START Dataset excerpts

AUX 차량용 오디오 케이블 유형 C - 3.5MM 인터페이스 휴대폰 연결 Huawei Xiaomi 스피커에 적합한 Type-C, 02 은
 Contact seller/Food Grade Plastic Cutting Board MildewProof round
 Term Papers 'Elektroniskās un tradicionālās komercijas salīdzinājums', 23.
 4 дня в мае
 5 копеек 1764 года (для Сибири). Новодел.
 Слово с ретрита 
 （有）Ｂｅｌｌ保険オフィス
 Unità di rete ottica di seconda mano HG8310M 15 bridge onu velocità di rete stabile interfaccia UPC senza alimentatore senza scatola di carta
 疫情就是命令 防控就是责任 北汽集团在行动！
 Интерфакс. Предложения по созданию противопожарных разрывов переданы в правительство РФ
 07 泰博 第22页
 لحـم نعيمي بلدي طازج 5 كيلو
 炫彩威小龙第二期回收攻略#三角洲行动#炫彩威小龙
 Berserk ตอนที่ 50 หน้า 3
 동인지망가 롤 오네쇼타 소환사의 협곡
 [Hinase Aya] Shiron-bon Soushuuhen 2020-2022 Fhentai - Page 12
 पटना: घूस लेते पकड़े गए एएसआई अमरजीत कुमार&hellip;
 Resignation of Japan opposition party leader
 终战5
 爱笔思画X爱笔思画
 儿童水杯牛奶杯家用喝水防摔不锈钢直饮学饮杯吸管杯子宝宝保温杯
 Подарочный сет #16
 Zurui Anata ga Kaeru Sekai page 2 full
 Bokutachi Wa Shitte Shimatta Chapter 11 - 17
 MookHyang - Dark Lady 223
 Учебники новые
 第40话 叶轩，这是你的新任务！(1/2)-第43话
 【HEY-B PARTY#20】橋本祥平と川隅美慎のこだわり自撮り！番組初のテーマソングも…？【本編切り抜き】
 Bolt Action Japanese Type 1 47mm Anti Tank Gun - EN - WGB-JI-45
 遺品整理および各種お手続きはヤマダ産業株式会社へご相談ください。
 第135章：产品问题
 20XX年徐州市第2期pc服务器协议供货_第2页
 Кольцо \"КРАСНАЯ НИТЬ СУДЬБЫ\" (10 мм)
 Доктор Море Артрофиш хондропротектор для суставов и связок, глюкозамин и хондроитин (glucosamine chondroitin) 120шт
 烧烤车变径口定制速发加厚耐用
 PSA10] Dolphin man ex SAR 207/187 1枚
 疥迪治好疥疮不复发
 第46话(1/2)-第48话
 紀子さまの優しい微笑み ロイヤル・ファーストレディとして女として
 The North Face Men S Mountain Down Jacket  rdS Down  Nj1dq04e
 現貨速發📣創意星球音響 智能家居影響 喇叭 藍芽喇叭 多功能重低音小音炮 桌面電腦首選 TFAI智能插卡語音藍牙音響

END Dataset excerpts

### The problem:
The lines you return should be those above that contain the word "Type", every one of them.

### Solution:
AUX 차량용 오디오 케이블 유형 C - 3.5MM 인터페이스 휴대폰 연결 Huawei Xiaomi 스피커에 적합한 Type-C, 02 은
 Bolt Action Japanese Type 1 47mm Anti Tank Gun - EN - WGB-JI-45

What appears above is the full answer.